Sub-Pixel Hot-Spot Detection in IR Imaging
==========================================

The standard objection — *"you need at least 2-3 pixels to detect a feature
(Nyquist, characterization, robustness against hot/dead pixels)"* — is
sound for visible-light imaging. In IR thermography, the physics is
different enough that a sub-pixel hot spot can dominate a pixel's signal by
orders of magnitude over the sensor noise floor.

This note works through *why*, with a worked example and the physical
limits where the claim breaks.

The mixing model
----------------

A pixel does not measure "a temperature." It integrates in-band spectral
radiance over its instantaneous field of view (IFOV). If a fraction

.. math::

   f = \frac{A_{\text{spot}}}{A_{\text{pixel}}}

of that IFOV is at temperature :math:`T_{\text{hot}}` and the remainder
:math:`(1-f)` is at :math:`T_{\text{bg}}`, the radiance reaching the
detector for that pixel is the area-weighted average:

.. math::

   L_{\text{pixel}} = f\, B(T_{\text{hot}}) \;+\; (1-f)\, B(T_{\text{bg}}).

For an emissivity-corrected blackbody, the in-band radiance :math:`B(T)`
rises very steeply with temperature:

* **LWIR (8-14 µm):** :math:`B(T) \propto T^{4}` to a good approximation
  (Stefan-Boltzmann).
* **MWIR (3-5 µm):** :math:`B(T) \propto T^{8}\!\dots T^{12}`, since the
  band sits up the Wien side of the Planck curve.
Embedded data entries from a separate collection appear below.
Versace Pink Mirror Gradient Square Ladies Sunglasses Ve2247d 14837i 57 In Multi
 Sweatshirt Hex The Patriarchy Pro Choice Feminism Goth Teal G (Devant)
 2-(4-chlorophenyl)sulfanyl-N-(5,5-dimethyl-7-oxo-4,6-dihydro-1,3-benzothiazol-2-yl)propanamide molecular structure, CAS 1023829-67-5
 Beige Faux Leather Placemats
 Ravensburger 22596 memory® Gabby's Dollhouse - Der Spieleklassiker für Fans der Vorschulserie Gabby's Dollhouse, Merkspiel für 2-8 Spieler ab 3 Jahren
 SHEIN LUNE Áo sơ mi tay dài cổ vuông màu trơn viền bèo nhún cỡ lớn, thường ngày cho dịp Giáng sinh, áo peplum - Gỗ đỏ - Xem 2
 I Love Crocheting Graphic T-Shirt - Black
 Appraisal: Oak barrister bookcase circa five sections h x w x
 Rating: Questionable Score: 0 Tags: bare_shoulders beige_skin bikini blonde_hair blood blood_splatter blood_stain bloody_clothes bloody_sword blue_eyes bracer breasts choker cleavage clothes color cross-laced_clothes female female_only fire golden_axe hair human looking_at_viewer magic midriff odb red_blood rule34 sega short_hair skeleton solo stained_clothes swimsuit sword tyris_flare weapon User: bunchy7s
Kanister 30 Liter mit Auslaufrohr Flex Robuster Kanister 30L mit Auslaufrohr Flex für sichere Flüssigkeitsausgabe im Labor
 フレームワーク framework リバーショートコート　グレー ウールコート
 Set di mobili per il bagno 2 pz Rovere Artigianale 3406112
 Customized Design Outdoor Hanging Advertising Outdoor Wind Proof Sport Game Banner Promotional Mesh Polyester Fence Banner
Hot-spot contrast is
  even sharper.

.. figure:: /_static/knowledge_base/fig1_pixel_mixing.svg
   :alt: A 100 × 100 µm hot spot inside a 1 × 1 mm pixel IFOV
   :align: center
   :width: 90%

   A 100 × 100 µm hot spot occupies just 1 % of a 1 × 1 mm pixel IFOV.
   The pixel's signal is the area-weighted average of the hot region and
   the cool background.

A worked numerical example
--------------------------

.. list-table::
   :header-rows: 1
   :widths: 55 45

   * - Quantity
     - Value
   * - Pixel IFOV :math:`A_{\text{pixel}}`
     - 1 mm × 1 mm = 1 mm²
   * - Hot spot :math:`A_{\text{spot}}`
     - 100 µm × 100 µm = 0.01 mm²
   * - Area fraction :math:`f`
     - 1 %
   * - Background :math:`T_{\text{bg}}`
     - 25 °C = 298 K
   * - Hot spot :math:`T_{\text{hot}}`
     - 200 °C = 473 K
   * - Band
     - LWIR (:math:`B \propto T^{4}`)

Ratio of emissive powers:

.. math::

   \frac{B(T_{\text{hot}})}{B(T_{\text{bg}})}
   = \left(\frac{473}{298}\right)^{4} \approx 6.34.

Pixel-averaged radiance:

.. math::

   \frac{L_{\text{pixel}}}{B(T_{\text{bg}})}
   = 0.01 \cdot 6.34 + 0.99 = 1.053.

Inverting through :math:`T^{4}` to recover an *apparent* pixel temperature:

.. math::

   T_{\text{app}} = T_{\text{bg}} \cdot (1.053)^{1/4} \approx 301.9~\text{K},
   \qquad \Delta T_{\text{app}} \approx 3.9~\text{K}.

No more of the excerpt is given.